Adolph Slade. Resim ilk olarak 1885-1900 tarihli Ulusal Biyografi Sözlüğü'nde yer aldı, tarihsiz

Ana Sayfa Ansiklopedi Savaş Tarihi Daha fazla detay

Sinop Muharebesi 18 Kasım (30), 1853

A.P. Bogolyubov. Sinop Muharebesi'nde Türk donanmasının imhası. 1854

Rusya ile Türkiye arasında Kutsal Topraklar'da siyasi nüfuz çatışmasının yaşandığı Kırım (Doğu) Savaşı, Karadeniz havzasında küresel bir çatışmaya yol açtı. İngiliz-Fransız filosu Çanakkale Boğazı'na girdi. Başlamak savaş Tuna Nehri'nde ve Transkafkasya'da.

1853 sonbaharında büyük bir çıkarma kuvvetinin transferi için hazırlıkların yapıldığı öğrenildi. Türk birlikleri yaylalılara yardım etmek için Karadeniz'in doğu kıyısındaki Sohum-Kale (Sohum) ve Poti bölgesine. Mevcut durum göz önüne alındığında, Karadeniz Filosu savaşa hazır durumdaydı. Düşmanın Karadeniz'deki hareketlerini izlemek ve Türk birliklerinin Kafkasya'ya taşınmasını önlemekle görevlendirildi. Karadeniz Filosu Filo Komutanı müfrezeye şu emri verdi: “Türk filosu bize ait olan Sohum-Kale limanını işgal etmek amacıyla denize açıldı… düşman bu niyetini ancak şu şekilde yerine getirebilir: yanımızdan geçip gidiyor ya da bize savaş veriyor… Umarım bu savaşı onurla kabul ederim.”

11 (23) Kasım günü düşman filosunun Sinop Körfezi'ndeki fırtınadan sığındığı bilgisini alan Nakhimov, Sinop yakınlarında yenilgiye uğratarak düşmanın planlarını bozmaya karar verdi.

Sinop'ta yol kenarında konuşlanan Türk filosunda 7 fırkateyn, 3 korvet, 2 buharlı fırkateyn, 2 tugay ve 2 askeri nakliye aracı (toplam 510 top) bulunuyordu ve kıyı bataryaları (38 top) tarafından korunuyordu.

Önceki gün şiddetli bir fırtına Rus filosunda ciddi hasara neden oldu, ardından Nakhimov'un elinde yalnızca üç savaş gemisi kaldı ve iki gemi ve bir firkateynin Sevastopol'a gönderilmesi gerekti. Ayrıca Bessarabia vapuru da kömür rezervlerini yenilemek için Sevastopol'a doğru yola çıktı. Tugay Aeneas da Nakhimov'un raporuyla ana üsse gönderildi.
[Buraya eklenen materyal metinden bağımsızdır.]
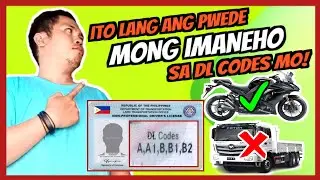 LTO DRIVER'S LICENSE CODES 2024 | MGA SASAKYAN NA PWEDE MO LANG IMANEHO AYON SA IYONG LISENSYA 2024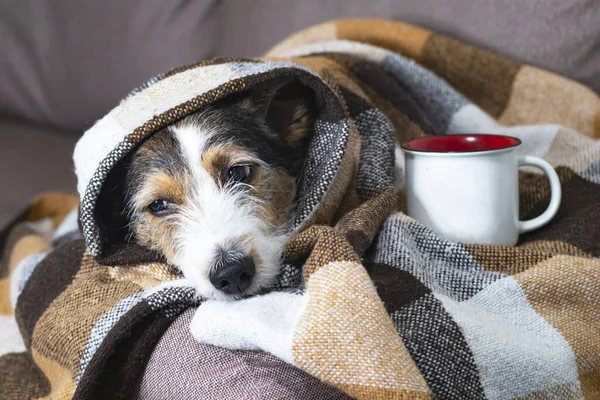A pet got sick, a cold. Sad dog at home in a blanket on the couch with a cup of tea and lemon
Durumu ve özellikle Karadeniz'de bir İngiliz-Fransız filosunun görünme olasılığını değerlendiren Nakhimov, takviye gelene kadar Türk filosunu Sinop Körfezi'nde kilitlemeye karar verdi. Raporunda şunu yazdı: “Ben kesinlikle burada kalmaya devam edeceğim ve hasarı onarmak için Sevastopol'a gönderdiğim 2 gemi gelene kadar onları engelleyeceğim; o zaman, yeni takılan pillere rağmen... Onlara saldırmayı düşünmeyeceğim.”

16 (28) Kasım'da, Tuğamiral'in üç gemi ve bir firkateynden oluşan filosu Nakhimov'a yardım etmek için Sinop'a yaklaştı ve ertesi gün başka bir firkateyn olan Kulevçi yaklaştı. Sonuç olarak Nakhimov'un komutasında 6 savaş gemisi ve 2 fırkateyn (toplam 720 silah) vardı. Bunlardan 76'sı bomba silahıydı ve büyük patlayıcı bombalar ateşliyordu. Yıkıcı güç. Böylece Ruslar avantajlı oldu. Bununla birlikte, düşmanın bir takım avantajları vardı; bunların başlıcaları müstahkem bir üsse park etmek ve buharlı gemilerin varlığıydı, oysa Rusların yalnızca yelkenli gemileri vardı.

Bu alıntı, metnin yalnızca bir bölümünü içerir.